Employee told company he needed 8 to 12 weeks off to recover; employer claimed restructuring necessitated dismissal days before operation
An Ontario company discriminated against an employee when it terminated his employment shortly before he was to undergo surgery that would require time off work for recovery, the Ontario Human Rights Tribunal has ruled.
Timothy Pritchard was the director of professional services for Commissionaires Great Lakes, a security services provider in London, Ont. Pritchard was responsible for the Commissionaires’ training academy, which was a new venture for the company, though he was originally hired to sell training. On May 6, 2010, just over two years after he joined Commissionaires, he informed the company that he would be having hip replacement surgery on June 16, 2010, due to his arthritis. The operation required eight to 12 weeks of recovery time, which Pritchard proposed to cover with 23 sick days he had accumulated and two weeks of accumulated vacation time, plus an advance on the rest of the year’s vacation to cover the remainder. He also indicated he might be able to work from home at times to save some vacation days.
On June 7, the company asked Pritchard for a copy of his job offer so it could review his role at an executive meeting the next day. Pritchard asked if the company was looking for his termination clause, but this was denied.

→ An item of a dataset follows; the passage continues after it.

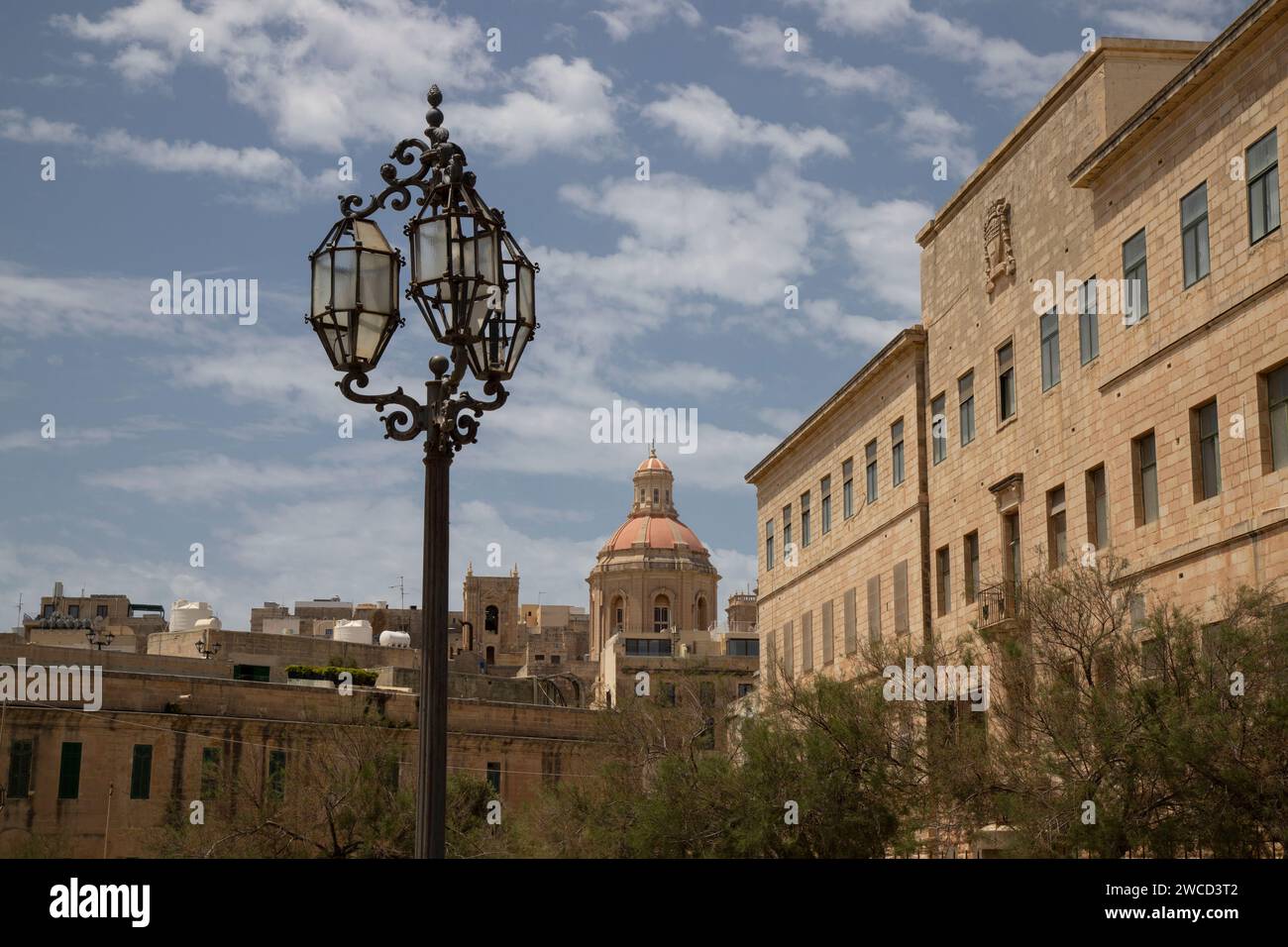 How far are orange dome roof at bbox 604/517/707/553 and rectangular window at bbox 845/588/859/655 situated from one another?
88.4 m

On June 9, 2010, the HR manager met with Pritchard and told him his employment was terminated. However, the CEO was away, so a termination letter could not be provided at the time. Two weeks later, Pritchard received the termination letter stating that he would receive three months’ salary as severance pay, as per employment standards legislation and his employment agreement.
Three months later, Commissionaires posted an ad for a position similar to Pritchard’s, but based in Toronto. Pritchard filed a human rights complaint, claiming discrimination in his employment based on a disability. Commissionaires claimed business had declined in the London area and it needed to restructure. Though it had been aware of Pritchard’s upcoming operation, it claimed that had nothing to do with the termination decision.

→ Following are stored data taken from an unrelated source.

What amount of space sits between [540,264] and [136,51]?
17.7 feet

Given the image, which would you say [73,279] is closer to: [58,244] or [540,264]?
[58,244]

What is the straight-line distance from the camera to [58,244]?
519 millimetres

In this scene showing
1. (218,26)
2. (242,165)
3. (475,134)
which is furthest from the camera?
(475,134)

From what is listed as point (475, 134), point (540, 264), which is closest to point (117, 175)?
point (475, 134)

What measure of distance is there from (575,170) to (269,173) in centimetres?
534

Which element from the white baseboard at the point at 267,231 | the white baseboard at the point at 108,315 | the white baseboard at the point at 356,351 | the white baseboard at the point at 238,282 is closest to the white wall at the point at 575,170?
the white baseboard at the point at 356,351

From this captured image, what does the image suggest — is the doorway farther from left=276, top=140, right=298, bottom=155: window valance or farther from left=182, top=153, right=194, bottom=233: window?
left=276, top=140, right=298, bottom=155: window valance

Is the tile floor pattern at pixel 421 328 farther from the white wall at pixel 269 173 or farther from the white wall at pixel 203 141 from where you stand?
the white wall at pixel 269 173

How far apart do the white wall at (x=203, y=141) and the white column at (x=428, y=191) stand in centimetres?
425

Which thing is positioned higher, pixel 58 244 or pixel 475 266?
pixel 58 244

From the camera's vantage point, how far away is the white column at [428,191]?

The tribunal found that it was entirely possible that Pritchard’s position could have been restructured or moved to Toronto, where the new position was based. However, since the new position wasn’t posted until three months later, there was no evidence that the restructuring wouldn’t have happened some time later. Since the employer was aware of Pritchard’s operation, it was likely that the operation was a factor in the timing of the decision — only a week before the surgery — said the tribunal.
The tribunal also found that Pritchard’s arthritis and recovery time needed after his surgery constituted a disability under the Ontario Human Rights Code. Since the disability played a role in his termination, Commissionaires discriminated against him, contrary to the code. Commissionaires was ordered to pay $10,000 to Pritchard for injury to his feelings, dignity and self-respect. Since Pritchard found work quickly after his recovery in September 2010, his income losses were mitigated and Commissionaires had no liability for salary beyond the three months’ severance it had paid, said the tribunal.
For more information see:
•Pritchard v. Commissionaires Great Lakes (July 26, 2012), Eyolfson — Adj. (Ont. Human Rights Trib.).